Among the entries below, determine how many lines contain the word "like" and state only that figure.

** Opening Study material block **

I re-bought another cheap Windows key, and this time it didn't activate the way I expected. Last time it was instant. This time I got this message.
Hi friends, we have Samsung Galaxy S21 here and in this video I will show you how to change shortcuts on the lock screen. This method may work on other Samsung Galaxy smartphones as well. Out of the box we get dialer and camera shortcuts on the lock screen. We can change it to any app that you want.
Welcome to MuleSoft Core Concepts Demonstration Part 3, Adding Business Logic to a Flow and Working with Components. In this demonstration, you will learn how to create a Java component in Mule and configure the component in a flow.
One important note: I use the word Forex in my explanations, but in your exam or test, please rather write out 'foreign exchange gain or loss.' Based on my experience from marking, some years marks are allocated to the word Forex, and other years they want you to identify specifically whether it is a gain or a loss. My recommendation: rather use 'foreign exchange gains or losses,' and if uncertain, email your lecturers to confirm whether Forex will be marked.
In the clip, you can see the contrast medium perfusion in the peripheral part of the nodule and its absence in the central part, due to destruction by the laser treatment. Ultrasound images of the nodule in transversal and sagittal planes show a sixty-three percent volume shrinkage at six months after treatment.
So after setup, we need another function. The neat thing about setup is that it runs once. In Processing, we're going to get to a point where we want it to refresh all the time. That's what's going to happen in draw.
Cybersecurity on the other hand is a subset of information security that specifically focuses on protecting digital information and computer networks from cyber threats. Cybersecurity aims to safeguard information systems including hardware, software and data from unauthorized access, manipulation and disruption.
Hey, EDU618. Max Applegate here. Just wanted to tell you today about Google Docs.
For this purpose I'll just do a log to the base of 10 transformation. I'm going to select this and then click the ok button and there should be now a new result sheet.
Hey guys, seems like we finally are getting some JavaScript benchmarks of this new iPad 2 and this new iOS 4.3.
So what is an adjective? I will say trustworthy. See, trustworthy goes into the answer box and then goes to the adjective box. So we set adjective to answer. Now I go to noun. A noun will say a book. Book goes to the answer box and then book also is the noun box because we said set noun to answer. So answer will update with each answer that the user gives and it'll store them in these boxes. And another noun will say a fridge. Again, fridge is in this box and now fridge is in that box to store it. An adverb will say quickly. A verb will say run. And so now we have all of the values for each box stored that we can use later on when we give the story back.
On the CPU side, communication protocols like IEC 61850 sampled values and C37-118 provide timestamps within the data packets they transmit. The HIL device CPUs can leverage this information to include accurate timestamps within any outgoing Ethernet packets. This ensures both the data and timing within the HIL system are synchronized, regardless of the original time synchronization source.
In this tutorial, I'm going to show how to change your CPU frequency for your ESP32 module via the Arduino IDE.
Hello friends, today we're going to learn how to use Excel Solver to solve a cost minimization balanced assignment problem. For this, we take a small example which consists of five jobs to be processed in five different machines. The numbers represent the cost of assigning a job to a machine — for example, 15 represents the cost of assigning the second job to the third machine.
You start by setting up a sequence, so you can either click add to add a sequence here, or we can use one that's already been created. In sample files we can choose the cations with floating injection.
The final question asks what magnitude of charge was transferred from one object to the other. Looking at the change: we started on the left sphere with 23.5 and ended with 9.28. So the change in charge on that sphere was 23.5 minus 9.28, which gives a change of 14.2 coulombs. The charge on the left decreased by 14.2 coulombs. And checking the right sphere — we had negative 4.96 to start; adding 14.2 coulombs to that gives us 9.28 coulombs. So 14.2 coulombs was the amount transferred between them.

** Closing Study material block **

§ Solution to this exercise
2